He also took aim at toll-road operator Autostrade, a unit of Milan-listed Atlantia group, which operated the bridge as part of a stretch of the A10 motorway it manages.
Conte said the firm had been responsible for ensuring safety on the bridge and the government would not await the outcome of a current criminal investigation into the disaster before taking action.
Earlier, the transport minister said the firm’s A10 motorway concession should be revoked and it be hit with heavy fines.
Deputy Prime Minister and Interior Minister Matteo Salvini said the private sector manager of the bridge had made “billions” from tolls but “did not spend the money they were supposed to” and should have its concession revoked.
“Imposing the highest penalties possible and making sure that those responsible for the dead and the injured pay up for any damages and crimes is the very least,” he said.
Italy’s transport minister said they had begun a process to strip Autostrade of its concession and demanded that top company managers resign.

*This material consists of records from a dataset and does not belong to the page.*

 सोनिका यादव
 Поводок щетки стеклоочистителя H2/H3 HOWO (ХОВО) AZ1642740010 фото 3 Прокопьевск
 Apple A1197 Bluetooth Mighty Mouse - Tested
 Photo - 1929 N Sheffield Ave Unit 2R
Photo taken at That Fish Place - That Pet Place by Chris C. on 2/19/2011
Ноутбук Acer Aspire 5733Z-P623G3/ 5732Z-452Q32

“The top management of Autostrade per l’Italia must step down first of all,” Toninelli said in a Facebook post.
Toninelli also said the government would check the structure of ageing bridges across the country and would start remedial work if required.
Rescuers in Genoa continued their search for any survivors. At least four people were found alive from vehicles under the bridge, reported Italian news agency ANSA.

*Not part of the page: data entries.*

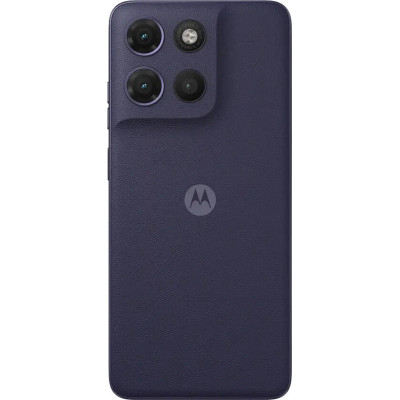 Motorola G17 Power 8/256GB Evening Blue (PBBM0005RS)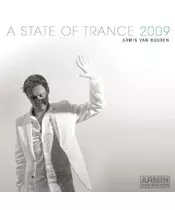 ARMIN VAN BUUREN - A STATE OF TRANCE 2009 (2CD)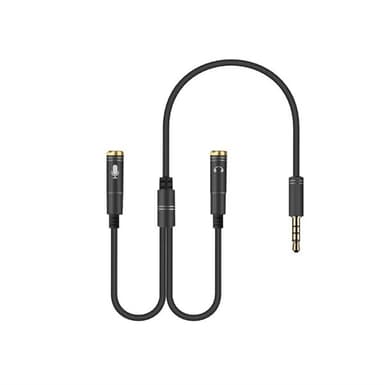 3,5mm Äänisovitin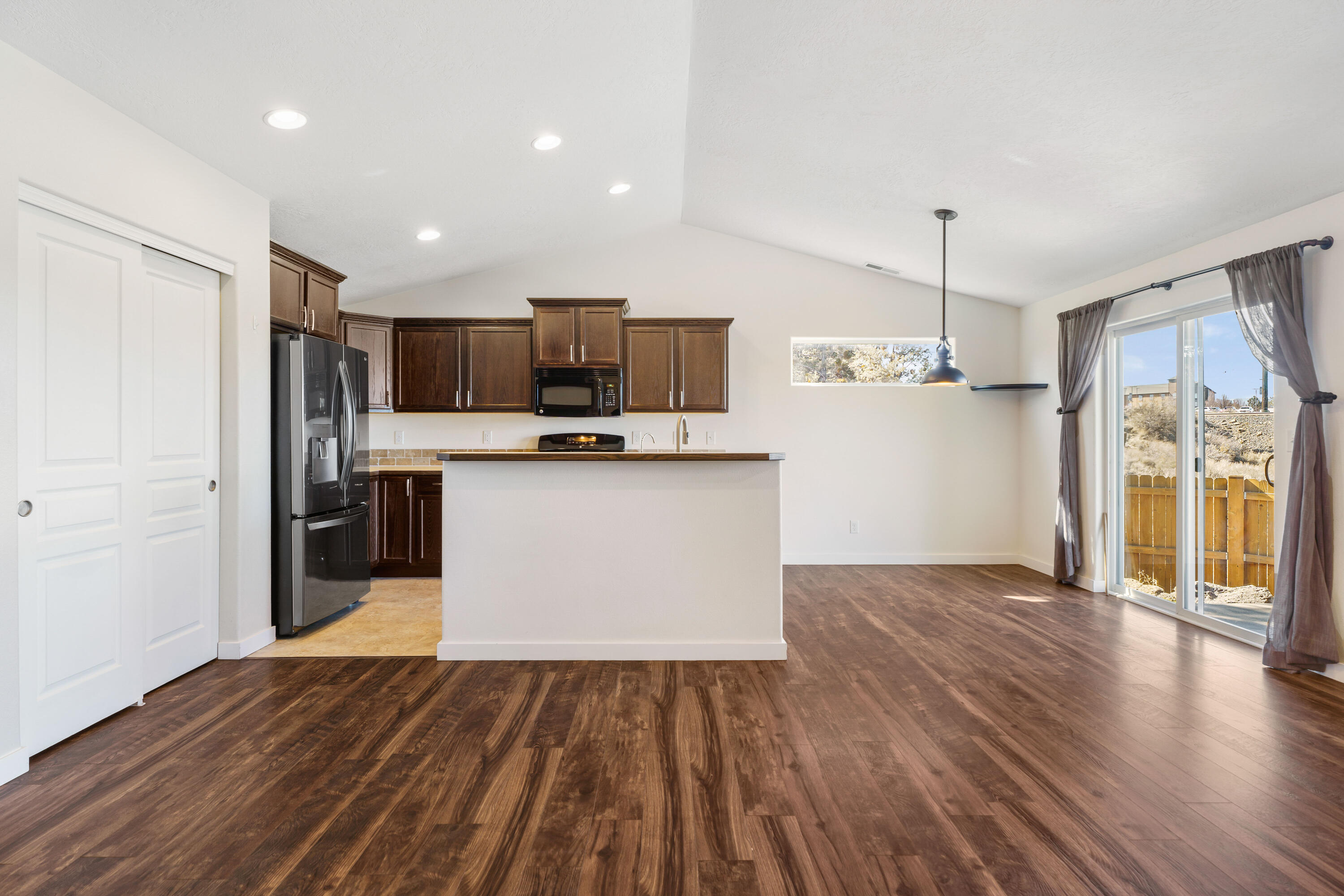 North Village - Residential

It remains unknown what caused the Morandi Bridge to fall.
Prosecutors have opened an investigation but have not identified any targets.
The collapse of the bridge, which connected Genoa with other northern cities and neighbouring France has brought attention to Italy’s aging infrastructure — particularly concrete bridges built in the 1950s and 1960s.
A witness told Sky Italia television he saw “eight or nine” vehicles on the bridge when it fell in what he described as an “apocalyptic scene”.
At least 30 cars and three heavy vehicles were on the 80-metre section of the bridge that collapsed, according to Civil Protection authorities.
“It’s not acceptable that such an important bridge was not built to avoid this kind of collapse,” said DeputyTransport Minister Edoardo Rix on SkyNews24, speaking from Genoa.
The Morandi Bridge was built over the northern Italian port city of Genoa in the 1960s. The motorway bridge underwent extensive repairs in the 1980s, 1990s and most recently in 2016. Work on its foundations was being carried out at the time of its collapse.
Expert had warned the bridge needed to be rebuilt
Engineering professor, Antonio Brencich, warned in 2016 that the bridge needed to be completely rebuilt as its structure had deteriorated too rapidly.
However, the director of Autostrade del Tronco Genovese, Stefano Marigliani, who is responsible for maintenance of the region’s highways, told Radio Capital that the disaster could not have been foreseen:
“There were no signs of danger. The bridge is subject to frequent checks, it was a constantly-monitored infrastructure. The works in progress were just ordinary maintenance.”
Before and After
Location of the collapse
Messages of solidarity
Messages of support were widely shared online with politicians and citizens tweeting messages of their sympathy to those involved in the accident and the Italian people.
President of the European Commission Jean Claude Juncker expressed his “deepest sympathy and sincere condolences to the families and friends of those who have died” and his “best wishes of strength and courage go to those involved in the rescue operations”.
French President Emmanuel Macron tweeted his condolonces, adding: “France is close to Italy in this tragedy and is ready to provide all necessary support.”
“The UK stands alongside our Italian friends and allies following this tragic event,” said British Prime Minister Theresa May.